Speaking on the club’s official website, he said: “Although we braced ourselves for today’s decision, we are incredibly disappointed by the outcome.
“We were committed to finishing the season on the pitch and we made our stance perfectly clear throughout what has been an incredibly challenging period for every club within the EFL.”
He continued: “Ultimately, we now have to move forward.
“Our fans have been magnificent, and we know how much they, like the players and staff, will be hurting today. But it’s our supporters who have the set the standard over the last two seasons, following the team home and away in incredible numbers, and we have failed to match them.
“As a club, we have to strive to be better and ensure we learn from the mistakes we have made because regardless of the circumstances, finishing eighth in League One isn’t good enough and I don’t think anyone would tell you otherwise.
“Our sole focus moving forward must be to build a squad that is capable of winning this division next season. I have spoken to Phil Parkinson at length and we have a very clear idea of what we need to achieve that goal.

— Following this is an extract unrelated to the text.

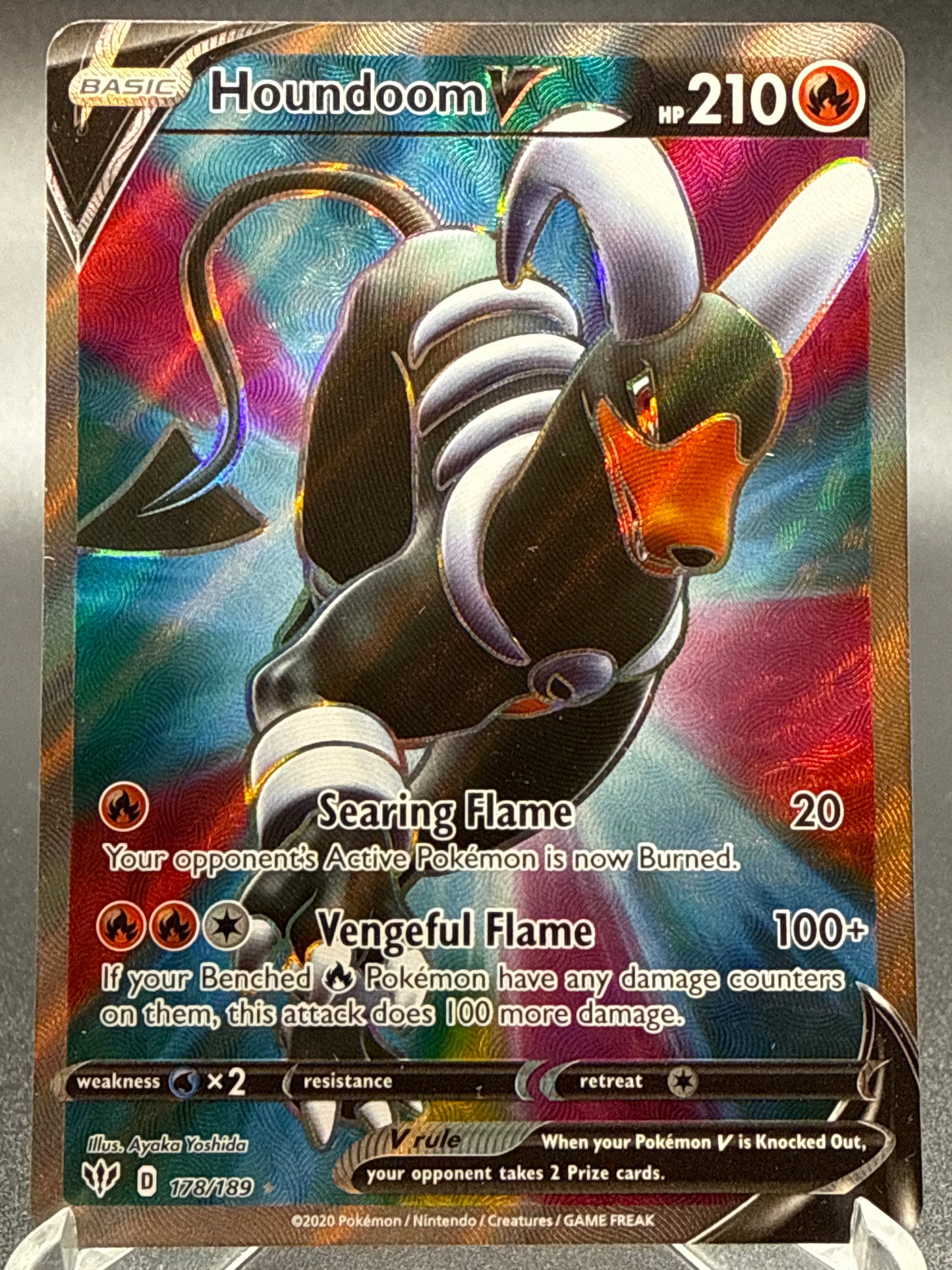 Pokémon TCG: 2020 - Houndoom V - 178/189 - SWSH: Darkness Ablaze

“It is our responsibility to put that plan into action immediately and ensure that whenever the 2020-21 season begins, we are ready.”
Rodwell’s comments may come as some comfort to Black Cats fans, but they have been messed around and let down for a number of years now, and the end to this campaign has to be the final warning to change.
Stewart Donald remains at the helm but, with the owner deeply unpopular among many supporters, progress and stability might not arrive until after he is ousted, while Phil Parkinson and his squad will probably feel that they have underachieved in failing to occupy a play-off spot so late into the season.
Finishing eighth in the third tier is simply not good enough for the size of a club like Sunderland, who until three years ago had enjoyed a decade-long spell in the Premier League.